The Complaint fails to include a "short and plain statement of the claim" showing that Plaintiffs are entitled to relief. Pursuant to Rule 8 of the Federal Rules of Civil Procedure, a plaintiff's complaint must include a "short and plain statement of the claim showing that the pleader is entitled to relief." Fed. R. Civ. P. 8(a)(2). The "statement should be plain because the principal function of pleadings under the Federal Rules is to give the adverse party fair notice of the claim asserted so as to enable him to answer and prepare for trial." Salahuddin v. Cuomo, 861 F.2d 40, 42 (2d Cir. 1988) (citations omitted); see Swierkiewicz v. Sorema, N.A., 534 U.S. 506, 512 (2002); see also Wynder v. McMahon, 360 F.3d 73, 79 (2d Cir. 2004) (defining "fair notice" as "that which will enable the adverse party to answer and prepare for trial, allow the application of res judicata, and identify the nature of the case so that it may be assigned the proper form of trial" (quoting Simmons v.
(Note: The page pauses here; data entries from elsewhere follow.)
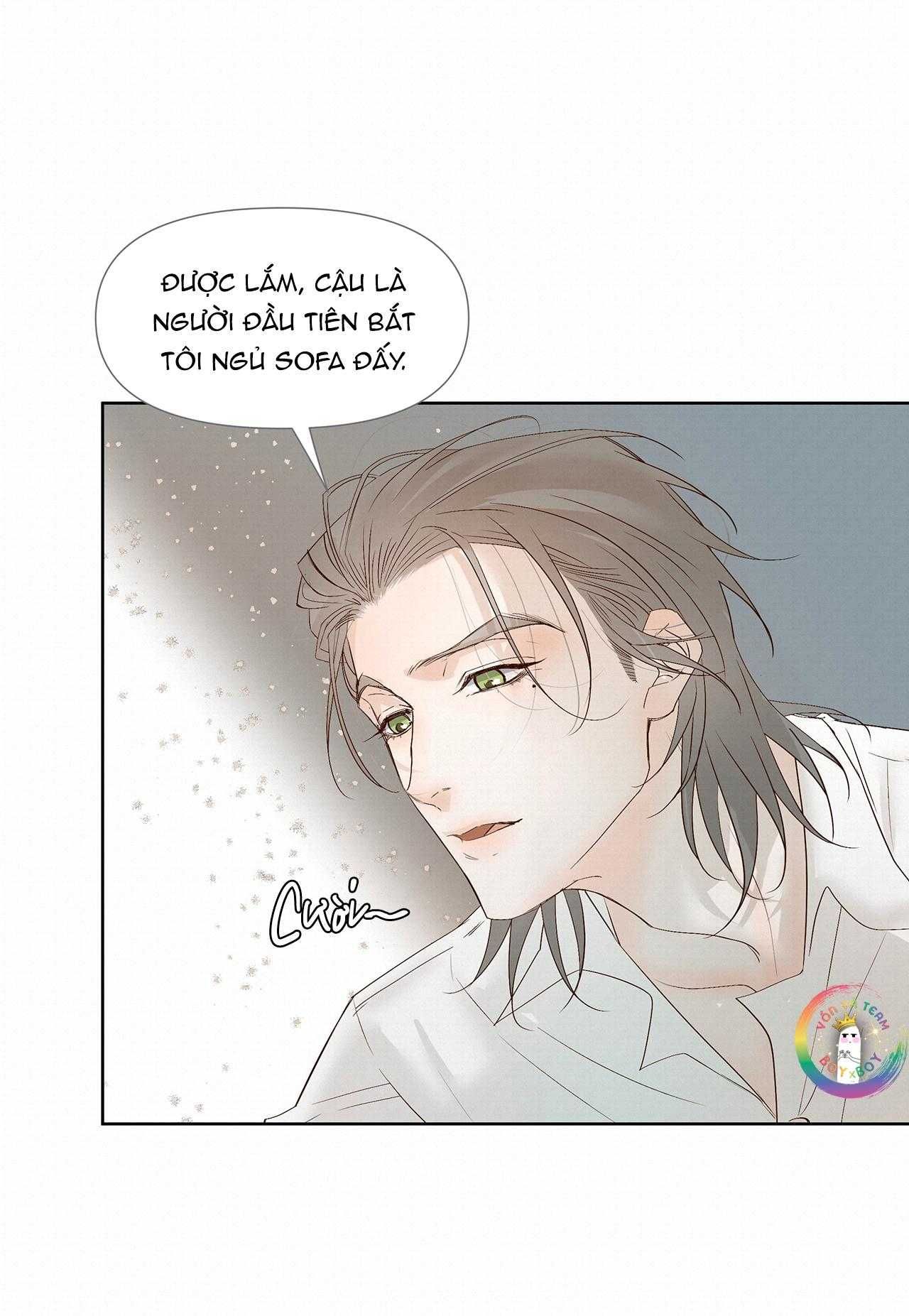 Trỗi Dậy Từ Tro Tàn Chapter 53 - Trang 6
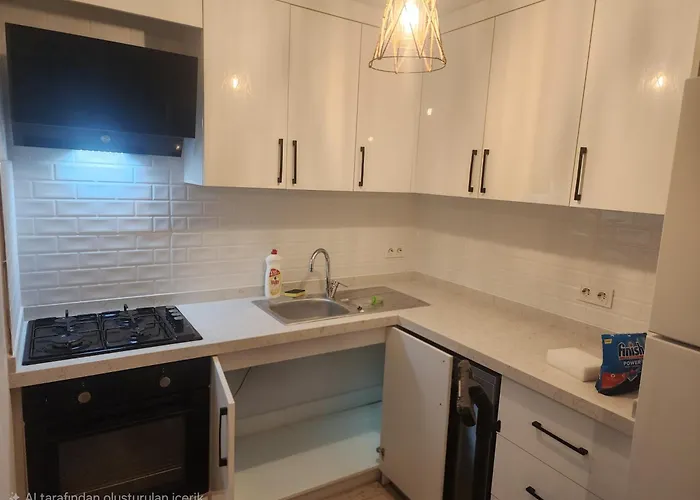 Ilya 1 Apart-hotel 4*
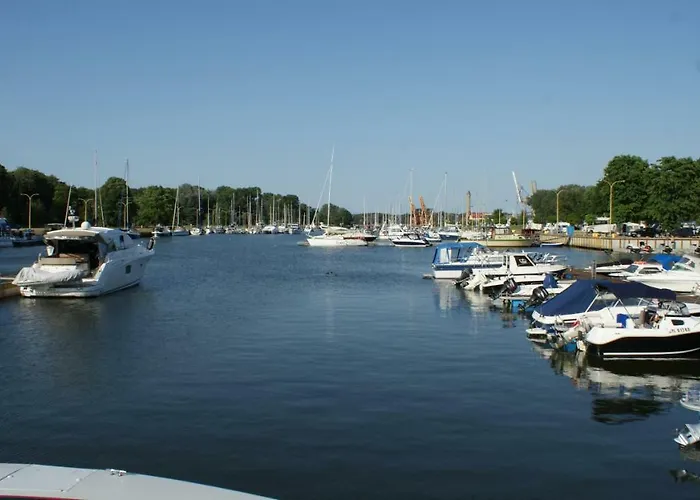 Apartment Agata Swinoujscie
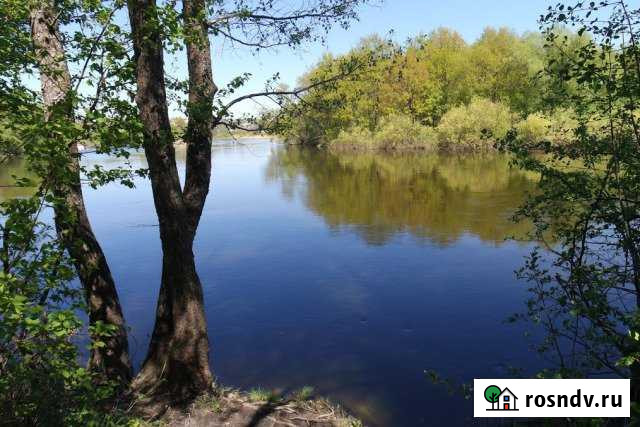 Участок ИЖС 14 сот. на продажу в Хлевном Хлевное - изображение 1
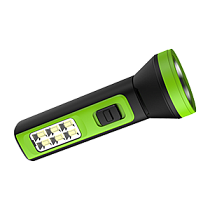 Фонарь ручной Gauss модель GFL102 2W 100lm lead acid 250mAh LED 1/10/120 Фонарь ручной Gauss модель GFL102 2W 100lm lead acid 250mAh LED 1/10/120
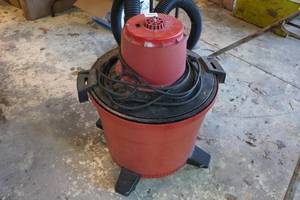 Shop Vac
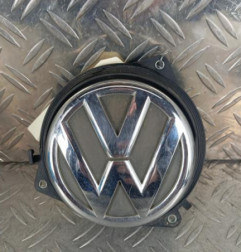 Poignee hayon VOLKSWAGEN POLO 5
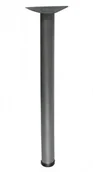Inne meble biurowe - STEMA Noga do stołu, fi 60 mm, wys. 725 mm, różne kolory. NY-B047 NY-B047 - miniaturka - grafika 1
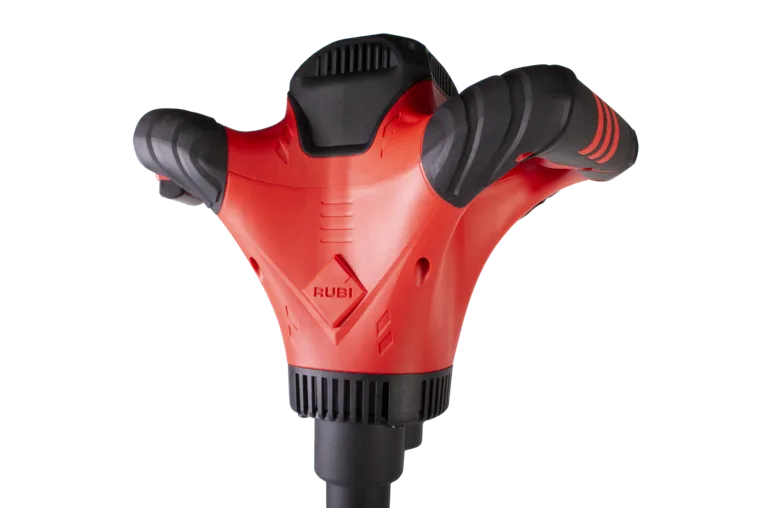 Equipamento Profissional Rubimix-9 Supertorque 230V 50/60hz 1800W 230v-50/60hz. 1ª 0-450 / 2ª 0-780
Abruzzo, 49 F.3d 83, 86 (2d Cir. 1995))); 15 Charles Alan Wright et al., Federal Practice and Procedure § 1281 (3d ed. 2007) (noting that "[u]nnecessary prolixity in a pleading places an unjustified burden on the court and the party who must respond to it because they are forced to select the relevant material from a mass of verbiage"). "[T]he pleading standard Rule 8 announces does not require detailed factual allegations, but it demands more than an unadorned, the-defendant-unlawfully-harmed-me accusation." Iqbal, 556 U.S. at 678 (citation and internal quotation marks omitted).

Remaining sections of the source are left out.